Paris-Roubaix: Breaking Down the Chaos on Cobbles
A long-awaited battle of the cobblestones served up an instant classic with some of the most intense racing of the year
Paris-Roubaix made us wait for over two years, but, in the end, the historic race over the brutal pave of the austere of Northern France, served up potentially the best one-day race of the season. European champion Sonny Colbrelli announced his arrival as a force in the toughest one-day races by winning a reduced sprint over Florian Vermeersch and Mathieu van der Poel in the famed Roubaix Velodrome.
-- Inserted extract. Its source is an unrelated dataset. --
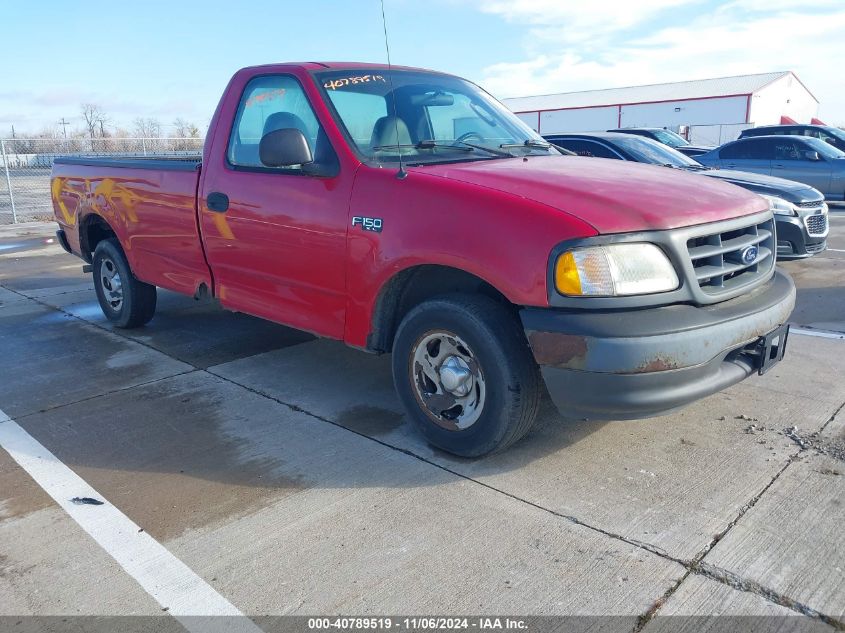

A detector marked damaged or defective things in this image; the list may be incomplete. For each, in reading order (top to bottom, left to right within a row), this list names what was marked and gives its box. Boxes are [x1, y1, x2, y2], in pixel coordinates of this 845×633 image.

cracked pavement [0, 218, 840, 628]
rusty bumper [524, 270, 796, 420]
The race, which had a running time of over six hours and was marked by cold, rainy weather, and took riders over the most difficult terrain the sport has to offer and was a true test of mettle. The hard racing and slick conditions on the cobblestones reduced the peloton to an extremely select group by the time they hit the critical Forest of Arenberg with 100km remaining and set in motion what was essentially the longest finale in the history of modern cycling. Colbrelli slipped off the front unchallenged a few kilometers later and was chased down by a vicious attack by Van der Poel shortly after. While it appeared that Gianni Moscon, the last man standing from the early breakaway, would stay clear for the victory, a series of flats and crashes suffered by the leader meant the race would yet again come down to a highly reduced sprint in the Velodrome. Hoping to use the element of surprise, Vermeersch struck first, but was closed down a few meters before the line by a surging Colbrelli in a thrilling finale to win one of the most arduous races in the modern history of the sport.
Top Ten:
1) Sonny Colbrelli +0
2) Florian Vermeersch +0
3) Mathieu van der Poel +0
4) Gianni Moscon +44
5) Yves Lampaert +1’16
6) Christope Laporte +1’16
7) Wout van Aert +1’16
8) Tom van Asbroeck +1’16
9) Guillaume Boivin +1’16
10) Heinrich Haussler +1’16
Race Notes:
97km: The peloton is as small as I’ve ever seen it by the time they hit the Arenberg forest. This will make it easier to position and safer, but it will still be critical to stay positioned at the front, and means there will be no place to hide from here to the finish line.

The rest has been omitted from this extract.